Он просыпается и не может понять, где он. Дощатая стена перед глазами. Сквозь щели пробивается свет. С потолка капает. Но он лежит на сухом клочке, на сене. Вещмешок в головах. Он не помнит, как здесь оказался. Помнит только белую вспышку над полем.
Солдат поднимается, стряхивает сухие былинки. Проводит ладонью по небритому лицу.
Он выбирается из сарая и зажмуривается от неяркого утреннего солнца. Белый холодный туман стелется по полю. Женщина стоит у колодца, вращает за ручку бревно, наматывается на бревно веревка, поднимается из колодца ведро. Женщина ухватывает ведро, вытягивает, ставит на траву. Зачерпывает из ведра воду, плещет в лицо.
Он смотрит, как она умывается, как пьет воду из горсти. Как выпрямляется и глядит на него спокойными глазами. Он помнит, что она везла его от станции, что живет в Серегине. Дом у пруда. Все, что было до белой вспышки, он помнит.
Солдат приближается к женщине:
– Доброе утро.
– И тебе.
– А лошадь? Где?
Женщина смотрит на него удивленно.
– Я не помню, что было, у меня бывает после контузии. Провалы. Молнию помню, а грома после нее – нет, провал.

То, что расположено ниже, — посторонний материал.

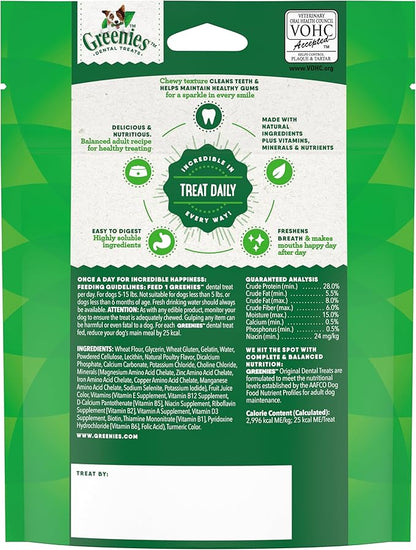 Greenies Original Teenie Natural Dental Care Dog Treats, 3 oz. Pack (11 Treats) (Pack of 2)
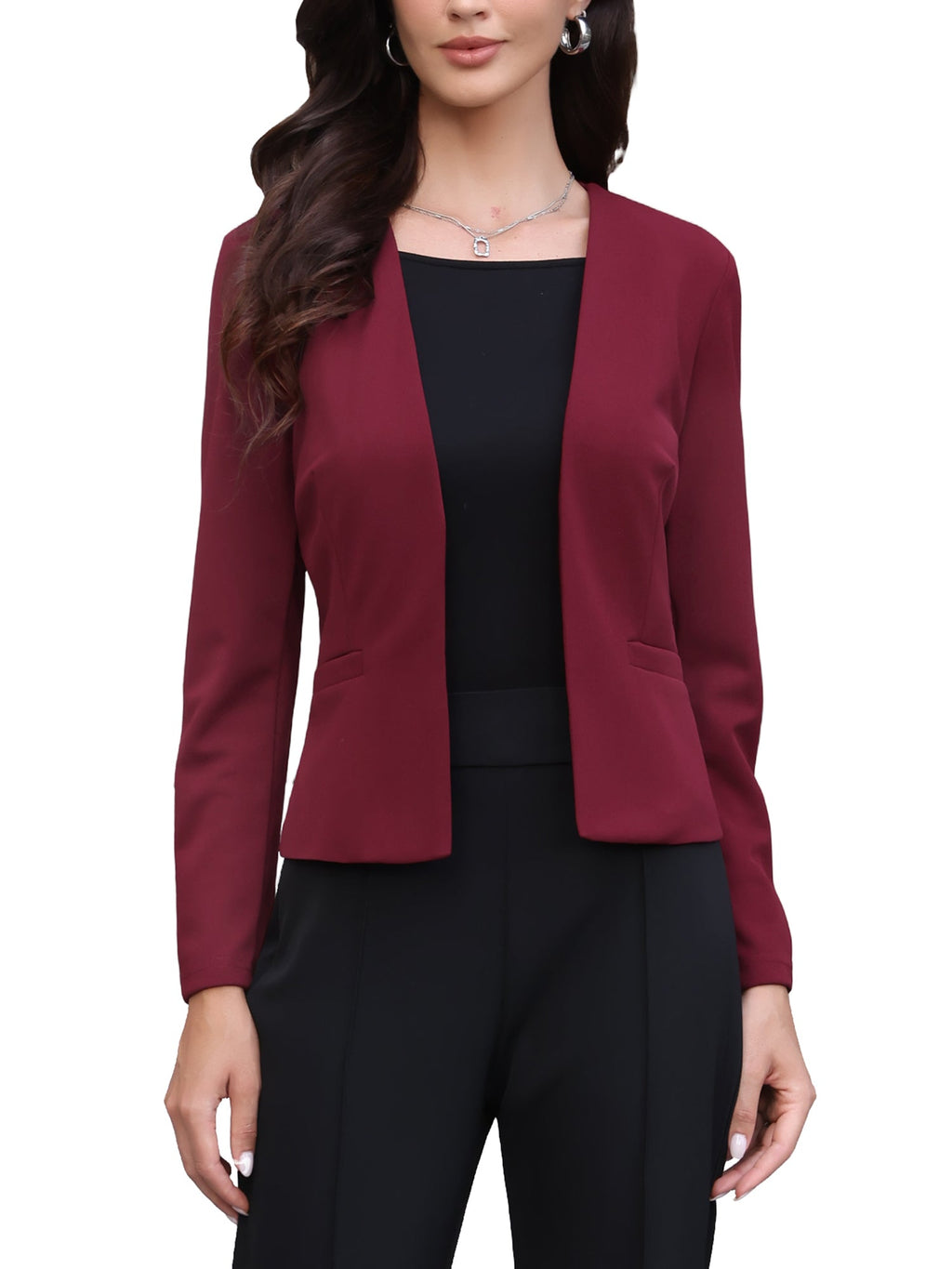 Cinched-Pleat Stretch Blazer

Она молчит, смотрит на него. Не удивленно, спокойно.
– Совсем не помнишь?
– Ничего. Как после наркоза.
Женщина медлит. Наконец говорит:
– Лошадь понесла, телега опрокинулась, ливень, мы увидели сарай в поле, молния поле осветила, мы увидели. Побежали к сараю. Нашли сухое местечко.

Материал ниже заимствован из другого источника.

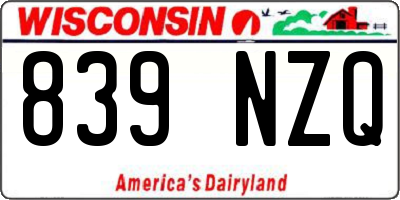 WI license plate 839NZQ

Она замолкает. Смотрит на его худое, щетинистое лицо. Он трогает свое лицо и спрашивает:
– Что?
– Ничего. Умываться будешь?
– Нет. Я пить хочу.
– Пей. Я к дороге пойду. Догонишь.
Он смотрит, как она уходит по траве. Зачерпывает в ведре воду, пьет.
Солдат догоняет женщину. Идет рядом. Что-то она недоговаривает, он чувствует. И решается спросить:
– Что случилось?
– Туман, – говорит женщина. Так просто говорит, не ему, себе.
– Туман, – соглашается солдат.
Они идут в сырой траве.
– Ничего не помнишь?
– Ничего.
Она молчит. Ему не по себе.
– Что там было еще?
Она отвечает сердито:
– Что бывает между мужчиной и женщиной, то и было.
Он потрясен, ему не верится.
– Я не помню.
– Я поняла.
Он смотрит на ее маленькое округлое ухо, на влажный завиток волос. Она вдруг хмыкает:
– Замуж меня звал.
– Я?
– Вон уже дом мой. Какой туман над прудом.